Content starts
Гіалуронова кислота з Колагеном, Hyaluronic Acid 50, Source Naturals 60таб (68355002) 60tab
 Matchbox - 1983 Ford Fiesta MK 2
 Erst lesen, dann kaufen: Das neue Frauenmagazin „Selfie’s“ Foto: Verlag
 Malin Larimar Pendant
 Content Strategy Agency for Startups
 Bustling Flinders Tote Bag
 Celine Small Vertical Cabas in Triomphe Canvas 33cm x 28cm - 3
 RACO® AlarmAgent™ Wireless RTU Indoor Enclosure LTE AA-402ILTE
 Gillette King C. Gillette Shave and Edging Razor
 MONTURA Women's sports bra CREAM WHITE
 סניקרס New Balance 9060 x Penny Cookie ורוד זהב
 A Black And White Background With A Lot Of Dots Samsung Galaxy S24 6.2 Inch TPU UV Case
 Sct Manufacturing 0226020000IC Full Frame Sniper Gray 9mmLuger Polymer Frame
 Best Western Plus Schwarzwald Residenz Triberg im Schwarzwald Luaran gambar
Content ends
• [YOUR INSTRUCTIONS]:
Look above for the line holding "Celine Small Vertical", then set down exactly that line and every line after it up to and including the line holding "A Black And", with nothing else.

• [OUTPUT]:
 Celine Small Vertical Cabas in Triomphe Canvas 33cm x 28cm - 3
 RACO® AlarmAgent™ Wireless RTU Indoor Enclosure LTE AA-402ILTE
 Gillette King C. Gillette Shave and Edging Razor
 MONTURA Women's sports bra CREAM WHITE
 סניקרס New Balance 9060 x Penny Cookie ורוד זהב
 A Black And White Background With A Lot Of Dots Samsung Galaxy S24 6.2 Inch TPU UV Case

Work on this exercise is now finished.